I rewrote a grid-based PDE solver to run on CUDA from its serial version, and unfortunately am not getting the performance I would like. Going from a 3.3 GHz i5 to either a GTX 460 or a Tesla M2070, I only see about a 2x speedup. Originally I thought this would be fixed by buffering each block’s global memory accesses, but compute capability 2.x devices seem to already do this; this method produced no speedup. I hear that ensuring coalesced global reads is important but I am not sure exactly how to do this… I’ve looked at the Programming Guide but haven’t been able to discover the best practice on my own.

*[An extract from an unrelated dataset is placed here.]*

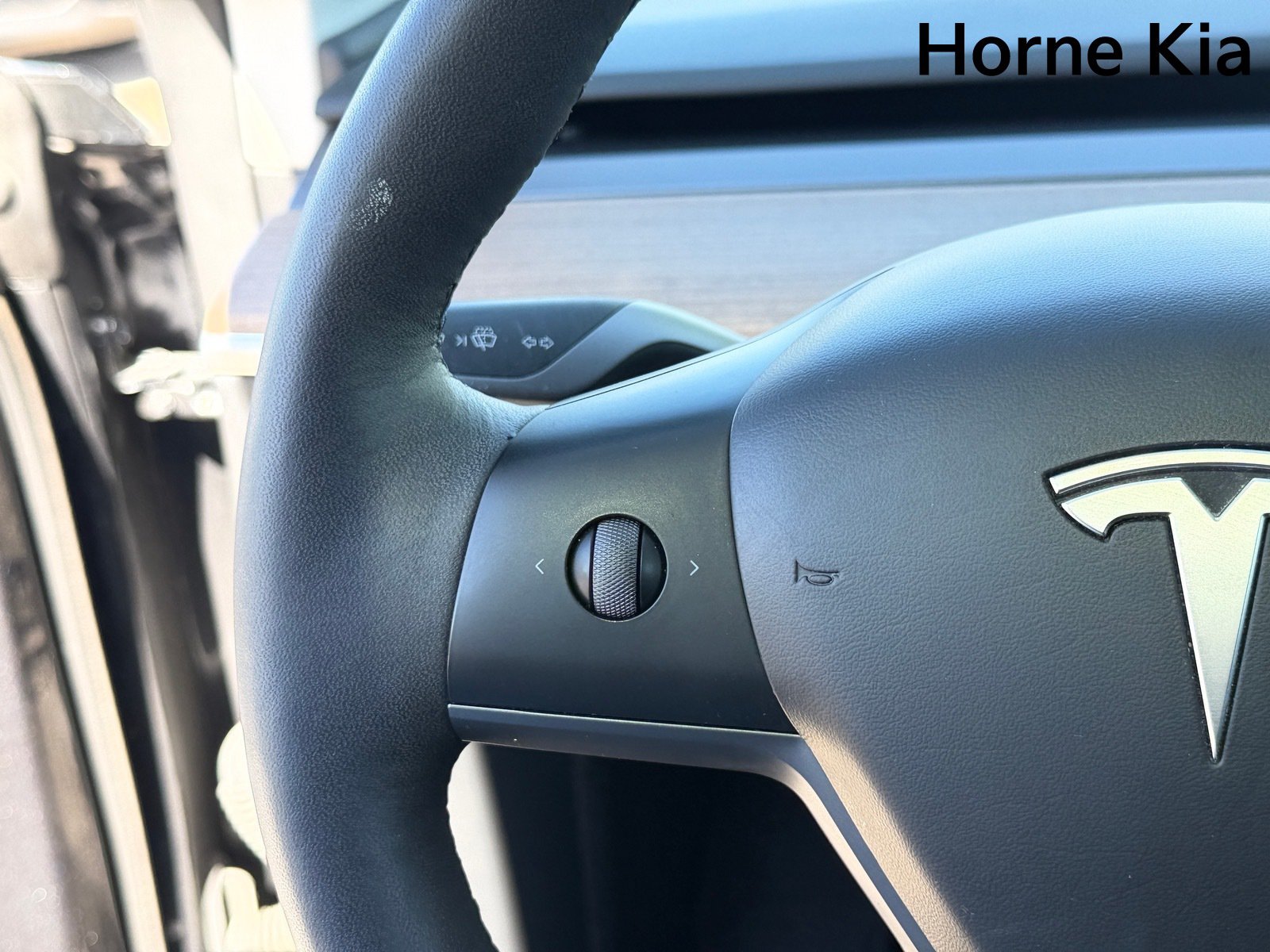 Used 2024 Tesla Model Y 2WD image 20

Is this a likely cause of my simulation’s poor performance, and if so how do I ensure that the code is working better?
Also, are there any other likely culprits for this low speedup?
PS Here is the basic structure of the code (which I run for enough timesteps to minimize any effect the initialize sequence might have on performance)
-Initialize - construct initial condition, write to GPU, etc.
-Main loop - for each timestep,
- update boundary conditions (1 kernel)
- integrate (4 kernels – I do this to prevent race conditions) This is the bulk of the computational work. The memory from the cudamemcpy operations is read into 1D global vectors and written back into the arrays the host sees at the end of the integration.
- find a new timestep (1 kernel)
As a general rule, each grid element is updated by its own thread. blockDim.x = 128. Nothing too fancy going on.
Try minimizing the data movements in global memory.
Separating work into multiple kernels is good if it avoids global synchronization problems, but it means that data needs to be read (and possibly written) multiple times. Device memory is about 10Ã— faster than host memory, but if 5 kernels lead to the data being accessed 5Ã— as often as on the host, only a 2Ã— speedup remains.
Why do you do this? Particularly, why do you do it for every timestep and not just at the beginning and end of a solver run?
Also, if you need the data to have different layouts on host and device, you can avoid one roundtrip through device memory by mapping the host memory to the device and doing host->device copy and data reshuffling in a single kernel.
The program uses a fair amount of higher-order interpolation so the mutliple kernel calls are pretty hard to get around. Point about re-accessing global memory is duly noted though.
The solver outputs the solution for given timestep values periodically and different kernels use their own 1D vectors; maybe its not perfect but I’m hoping its not a major issue right now.
I checked my program in the Visual Profiler and it reports that local memory cache misses are high and that my access pattern is not coalesced. I was sort of expecting this because the data is stored in the global vectors as structs of 7 float values… is there a way to deal with this effectively in CUDA (padding etc.) or should I really split these structs up into vectors of each component?
It depends a lot on how you access the 7 floats.
Rearranging arrays of structs into structs of arrays probably is the best solution, but padding the struct to 8 floats and accessing them as 2 float4 vectors may already get you some way, if all 7 floats shall are read by the same thread.
I’m a bit surprised you get a lot of local memory cache misses though. How much local memory (automatic variables) do you use?